▶ [Task description]
Repeat the listing word for word. No pictures belong in the copy.

-- Opening Marker --

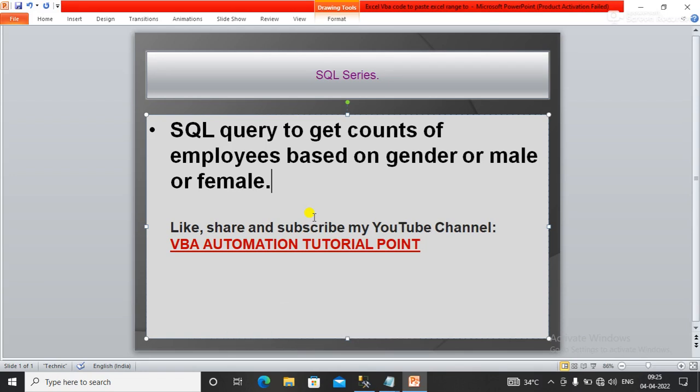Hello everyone, welcome to my YouTube channel VBA Automation Tutorial Point. If you are new to this channel, please like, share, and subscribe to get updated videos.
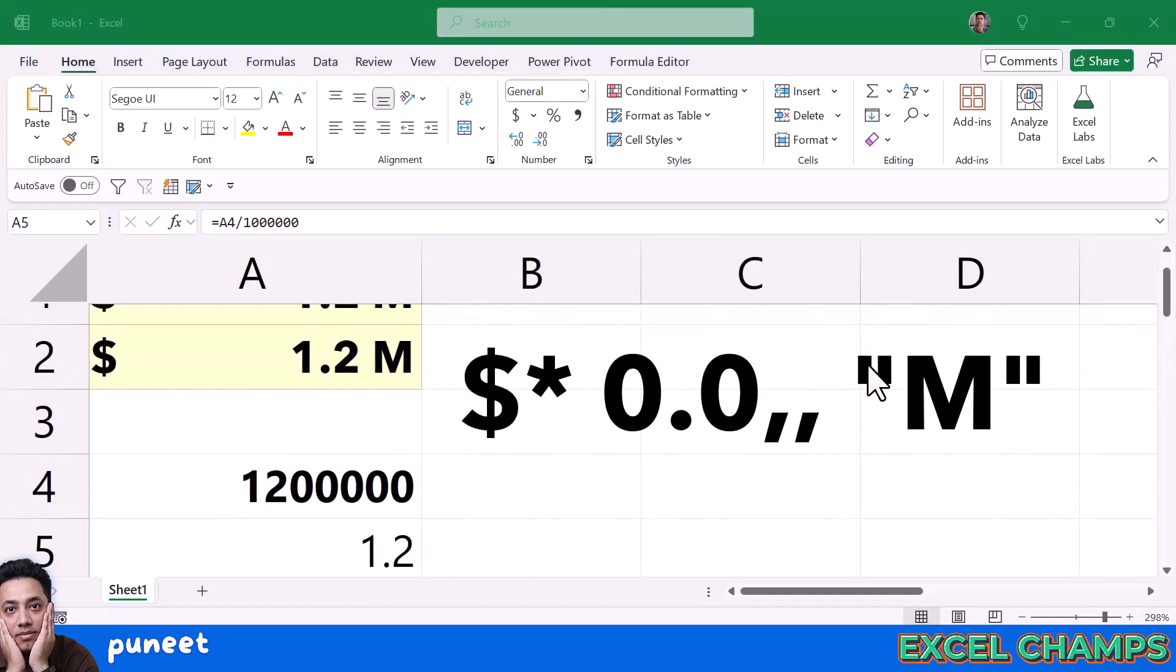In the end, that M we are using enclosed in double quotation marks is just a suffix that we want to have with the number.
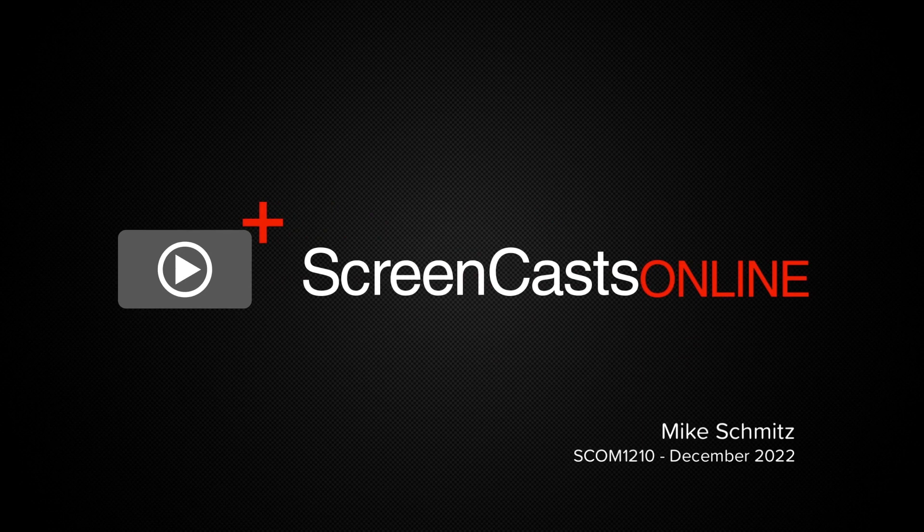Hi, this is Mike Schmitz, and welcome to another ScreenCastsOnline tip video.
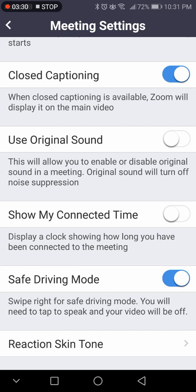If I had to drive somewhere, I would leave the meeting and then join back later. Or if I really needed to, I would just leave myself muted and just listen to the meeting, but still concentrate on the road.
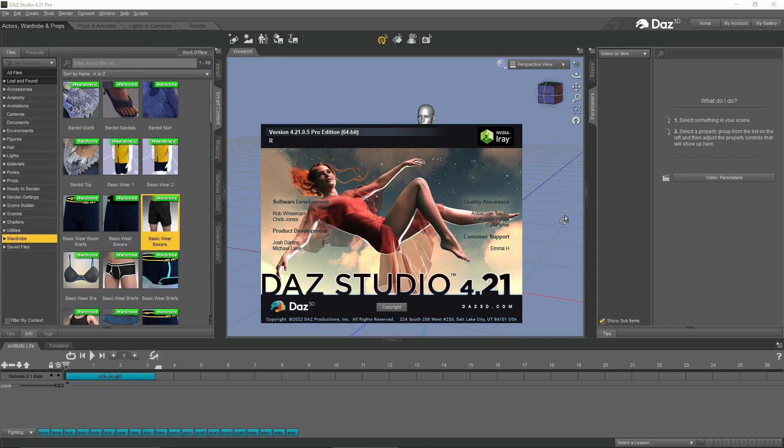Hi guys, Ron with Luciment Studio back with another video. In my previous video about exporting from Daz to Blender, I got a lot of questions on how to get animations into Blender.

-- Closing Marker --

▶ [Answer to this problem]
Hello everyone, welcome to my YouTube channel VBA Automation Tutorial Point. If you are new to this channel, please like, share, and subscribe to get updated videos.
In the end, that M we are using enclosed in double quotation marks is just a suffix that we want to have with the number.
Hi, this is Mike Schmitz, and welcome to another ScreenCastsOnline tip video.
If I had to drive somewhere, I would leave the meeting and then join back later. Or if I really needed to, I would just leave myself muted and just listen to the meeting, but still concentrate on the road.
Hi guys, Ron with Luciment Studio back with another video. In my previous video about exporting from Daz to Blender, I got a lot of questions on how to get animations into Blender.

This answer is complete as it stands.